> [Work required]
The reply should hold every line of the data below, unchanged, and none of the pictures.

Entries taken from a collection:

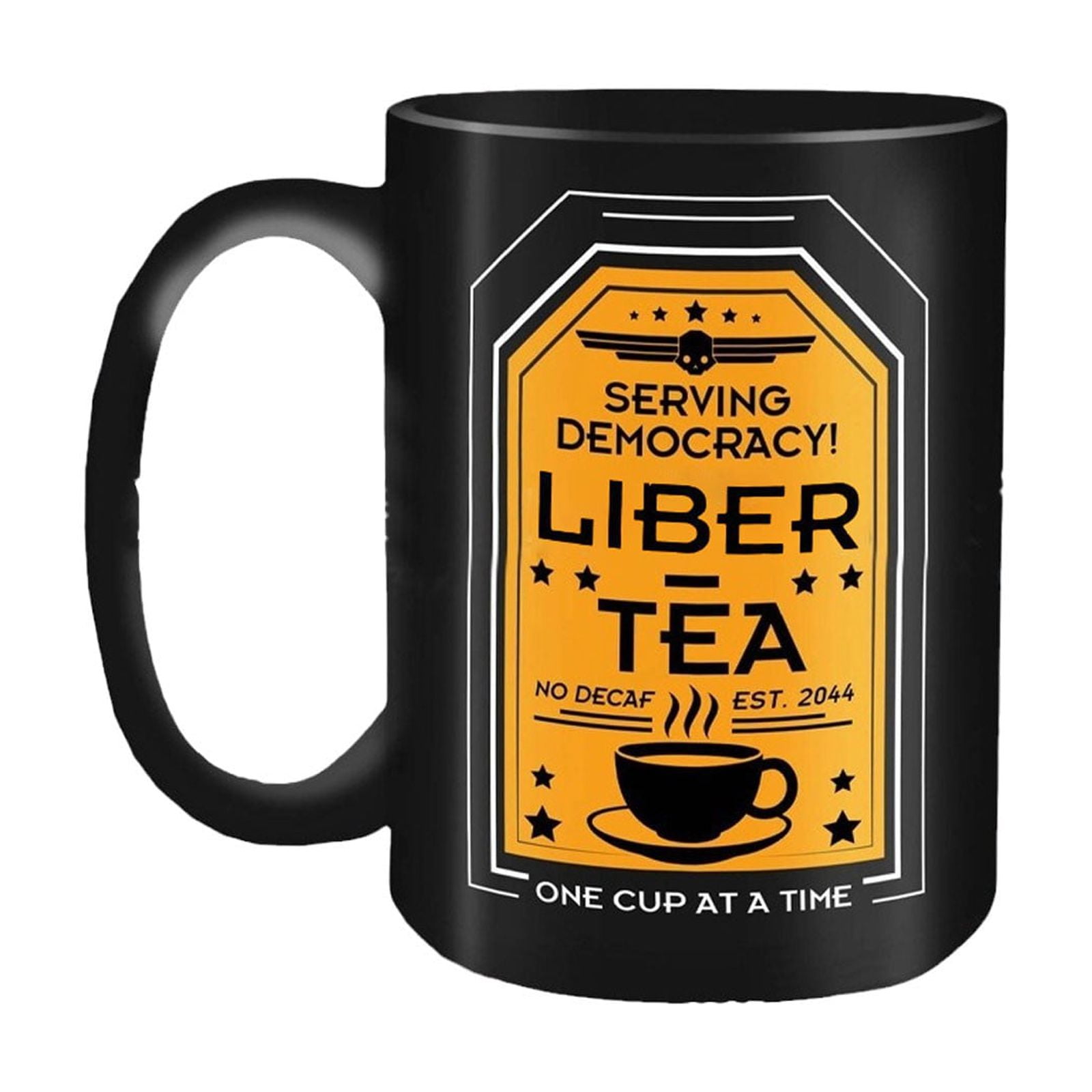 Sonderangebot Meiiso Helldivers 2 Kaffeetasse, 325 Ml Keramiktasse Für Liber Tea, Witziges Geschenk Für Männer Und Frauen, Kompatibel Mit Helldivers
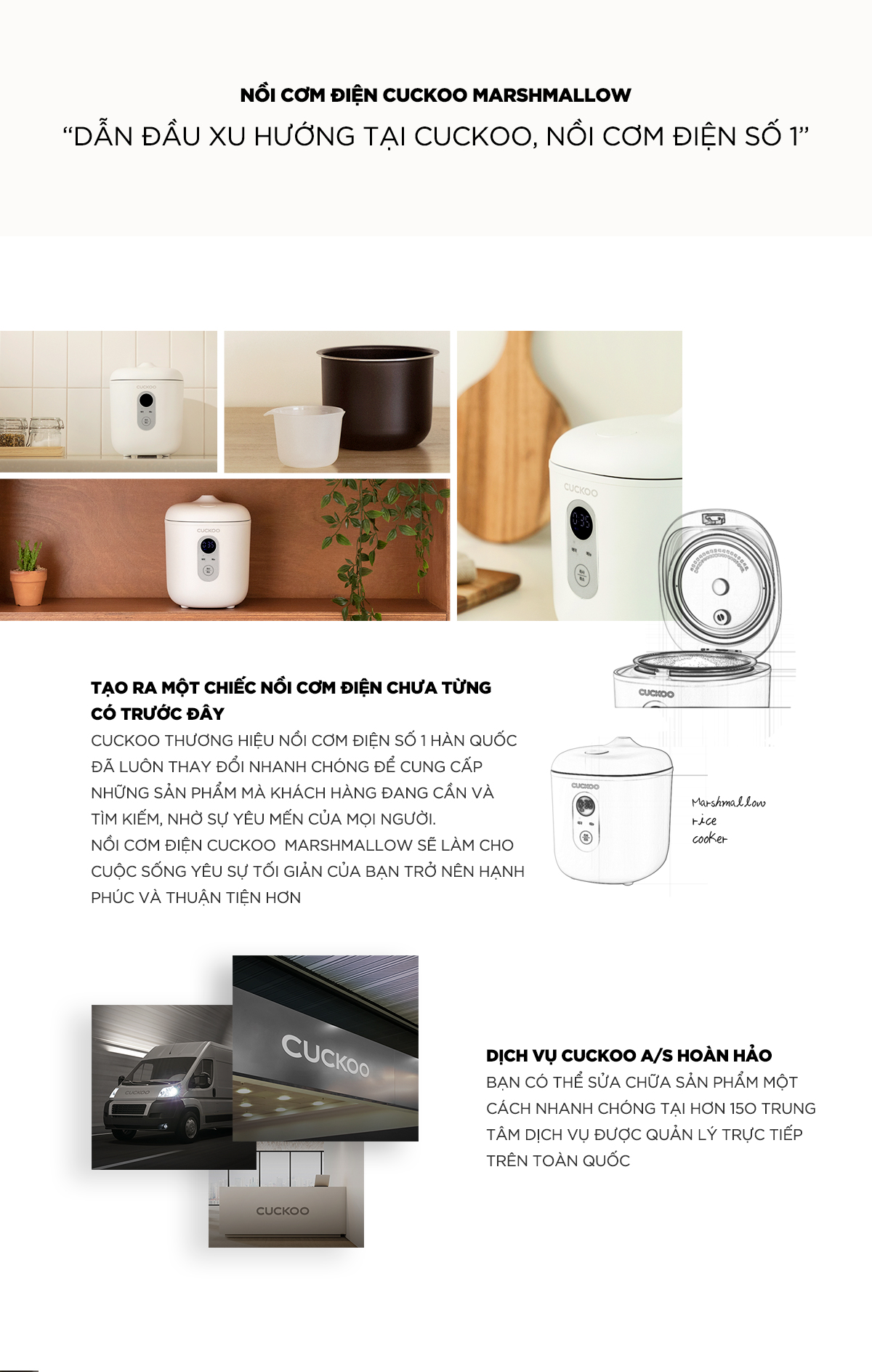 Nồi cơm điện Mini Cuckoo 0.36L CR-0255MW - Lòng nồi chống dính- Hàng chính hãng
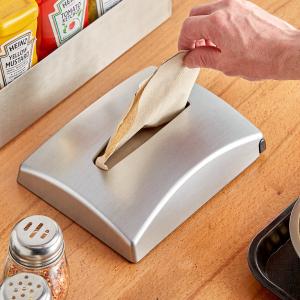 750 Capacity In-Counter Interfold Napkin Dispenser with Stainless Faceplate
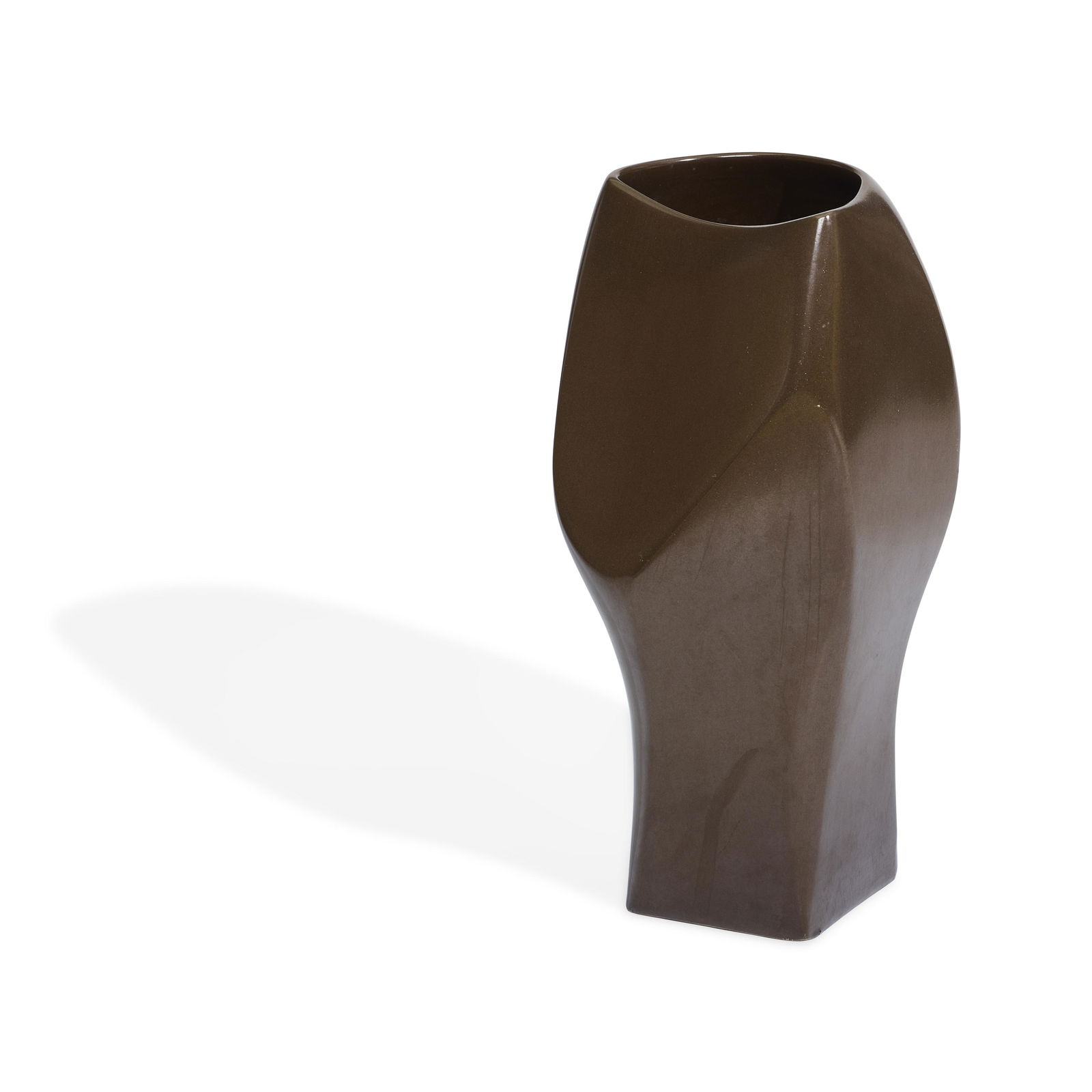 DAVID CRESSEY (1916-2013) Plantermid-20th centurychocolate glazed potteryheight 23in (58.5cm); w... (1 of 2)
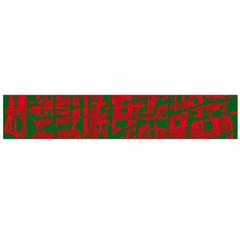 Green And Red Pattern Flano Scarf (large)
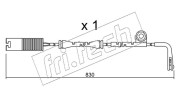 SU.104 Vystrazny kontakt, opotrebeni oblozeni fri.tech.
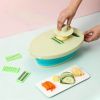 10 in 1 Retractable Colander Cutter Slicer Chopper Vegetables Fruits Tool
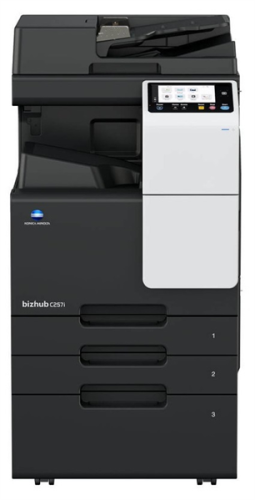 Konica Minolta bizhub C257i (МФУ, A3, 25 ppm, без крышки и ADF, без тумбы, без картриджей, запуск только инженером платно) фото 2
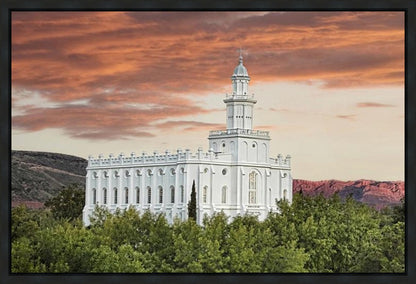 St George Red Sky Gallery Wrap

> [Answer]
 Sonderangebot Meiiso Helldivers 2 Kaffeetasse, 325 Ml Keramiktasse Für Liber Tea, Witziges Geschenk Für Männer Und Frauen, Kompatibel Mit Helldivers
 Nồi cơm điện Mini Cuckoo 0.36L CR-0255MW - Lòng nồi chống dính- Hàng chính hãng
 750 Capacity In-Counter Interfold Napkin Dispenser with Stainless Faceplate
 DAVID CRESSEY (1916-2013) Plantermid-20th centurychocolate glazed potteryheight 23in (58.5cm); w... (1 of 2)
 Green And Red Pattern Flano Scarf (large)
 SU.104 Vystrazny kontakt, opotrebeni oblozeni fri.tech.
 10 in 1 Retractable Colander Cutter Slicer Chopper Vegetables Fruits Tool
 Konica Minolta bizhub C257i (МФУ, A3, 25 ppm, без крышки и ADF, без тумбы, без картриджей, запуск только инженером платно) фото 2
 St George Red Sky Gallery Wrap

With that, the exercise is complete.